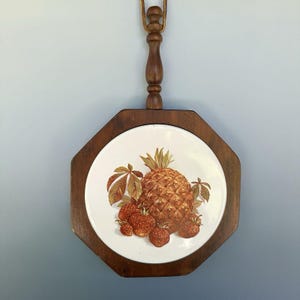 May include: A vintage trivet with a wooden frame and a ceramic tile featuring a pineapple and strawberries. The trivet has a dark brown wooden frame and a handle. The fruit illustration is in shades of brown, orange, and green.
*-*-*
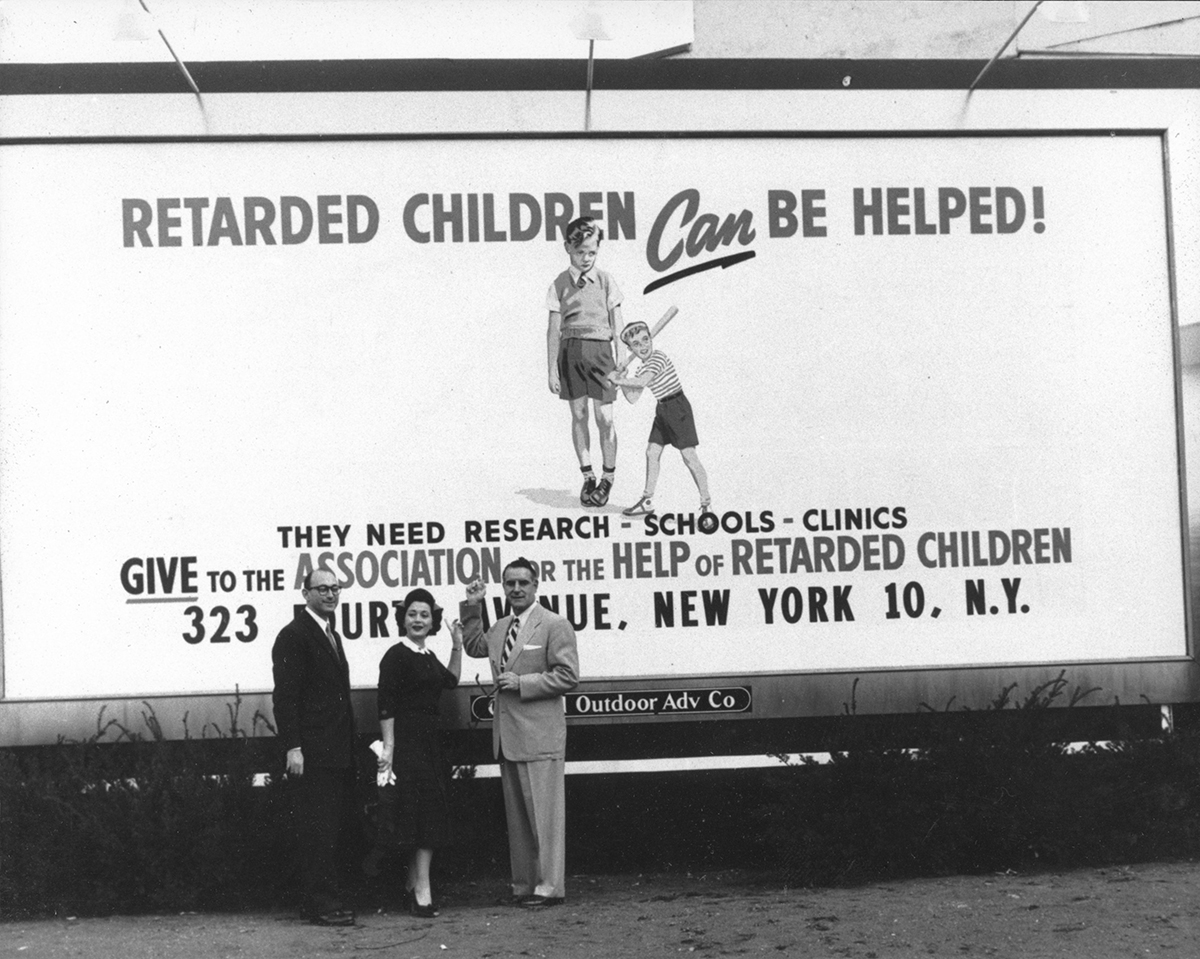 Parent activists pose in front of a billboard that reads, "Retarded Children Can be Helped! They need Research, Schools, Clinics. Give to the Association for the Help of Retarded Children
*-*-*
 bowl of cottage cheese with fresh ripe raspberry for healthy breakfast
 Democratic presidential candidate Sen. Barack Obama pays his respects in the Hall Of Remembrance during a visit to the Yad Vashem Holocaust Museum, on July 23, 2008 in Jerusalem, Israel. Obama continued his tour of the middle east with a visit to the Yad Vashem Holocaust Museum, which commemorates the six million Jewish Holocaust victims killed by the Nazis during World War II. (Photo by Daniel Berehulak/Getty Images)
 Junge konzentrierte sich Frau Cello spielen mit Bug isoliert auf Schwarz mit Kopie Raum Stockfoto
*-*-*
# [Activity]
Find the line with "Democratic presidential candidate" in the entries above. Retype it and each line after it, exactly, through the line with "Junge konzentrierte sich", and stop there.

# [Written reply]
 Democratic presidential candidate Sen. Barack Obama pays his respects in the Hall Of Remembrance during a visit to the Yad Vashem Holocaust Museum, on July 23, 2008 in Jerusalem, Israel. Obama continued his tour of the middle east with a visit to the Yad Vashem Holocaust Museum, which commemorates the six million Jewish Holocaust victims killed by the Nazis during World War II. (Photo by Daniel Berehulak/Getty Images)
 Junge konzentrierte sich Frau Cello spielen mit Bug isoliert auf Schwarz mit Kopie Raum Stockfoto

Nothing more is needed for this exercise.